Chi volar vuol senz’ali, accoppia spesso
a l’audace salita alta ruina.
Ma quantunque avenir soglia l’istesso
quasi in ogni bell’arte e disciplina,
non si vede però maggior tracollo,
che di chi segue indegnamente Apollo.

164.Dietro ai chiari Scrittor di Smirna e Manto,
per cui sempre vivranno i Duci e l’armi,
tentando invan di pareggiargli al canto,
piú d’uno arroterá lo stile e i carmi.
Oh quanti poi, con quanto studio e quanto
de l’Italico stuol di veder parmi
tracciar con poca loda i duo migliori,
che ’n su ’l Po canteran guerre ed amori!
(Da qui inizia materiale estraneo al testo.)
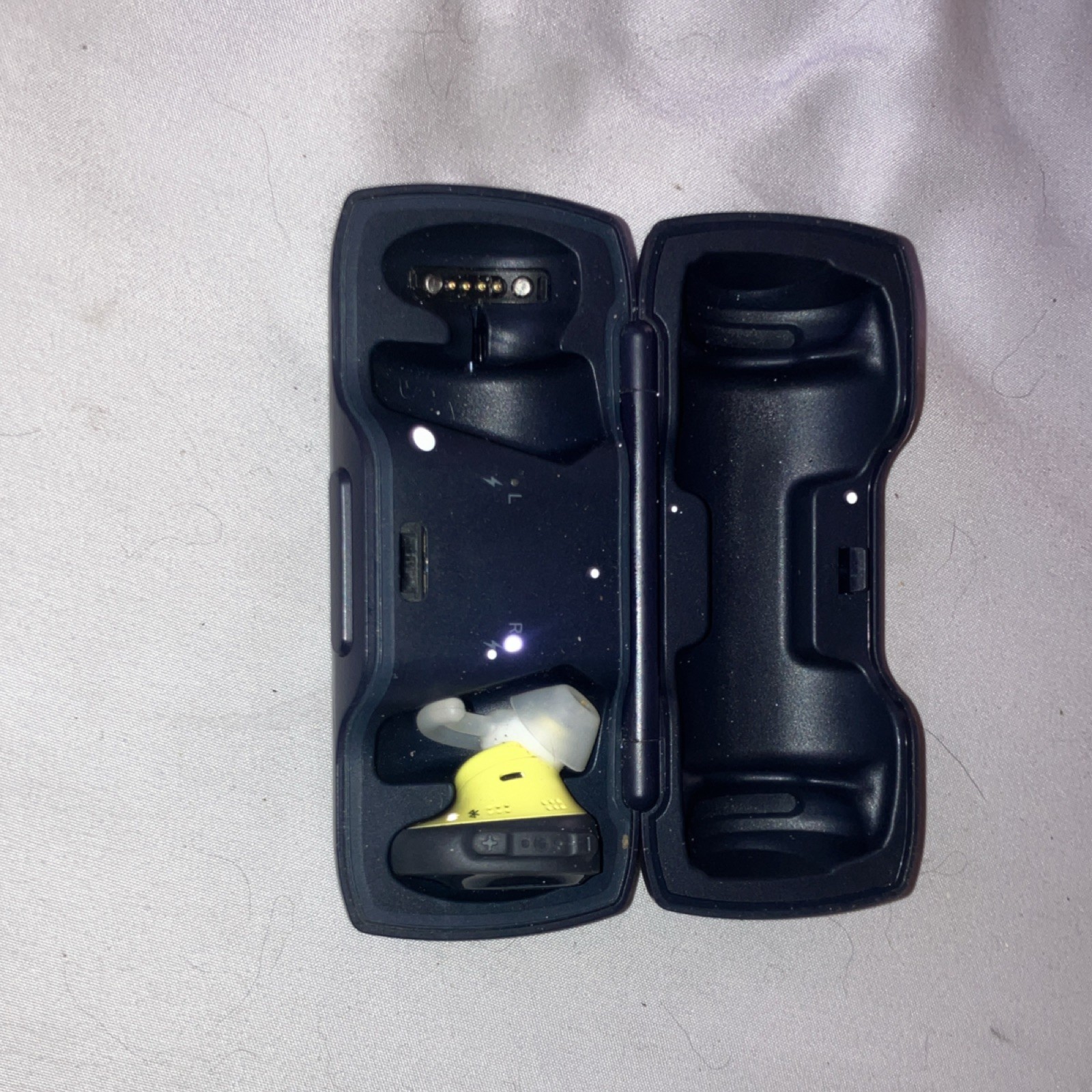 Bose Wireless Bluetooth In-Ear Earbud w/ Charging Case Black/Yellow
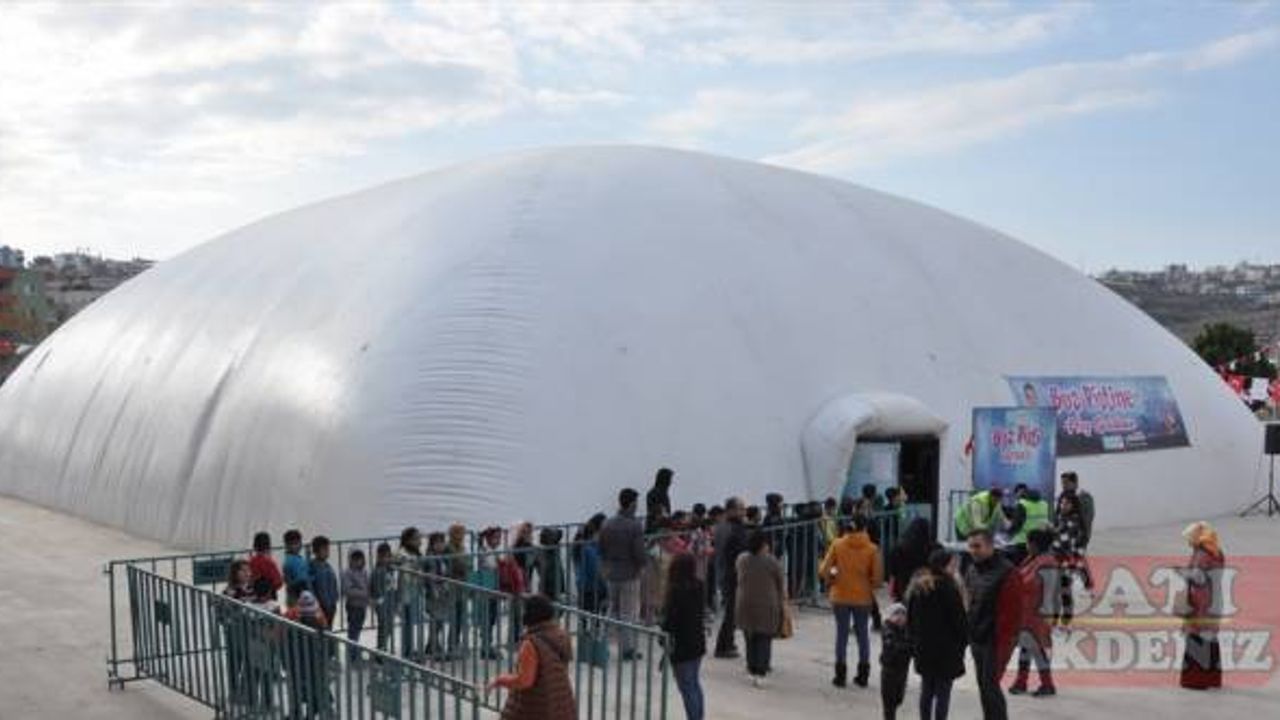 Mersin'de yapımı tamamlanan buz pisti kapılarını çocuklara açtı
163.Che di Poemi in quella lingua cresca
numerosa ferragine, e di Rime,
la facil troppo invenzion tedesca
n’è cagion, che per prezzo il tutto imprime.
Ma s’alcuna sará, che mal riesca,
l’Opra che tu dicesti è tra le prime.
Cosí figliano i monti, e ’l topo nasce,
ma poi nato ch’egli è, si more in fasce.

166.Poi che sí fatti parti un breve lume
visto a pena han laggiú nel vostro mondo,
il Yecchiarel da le veloci piume,
quel che vedesti giá ne l’altro tondo,
qui ridurle in un monte ha per costume
per sepelirle in tenebroso fondo.
Alfin le porta ad attuffar nel rio
che copre il tutto di perpetuo oblio.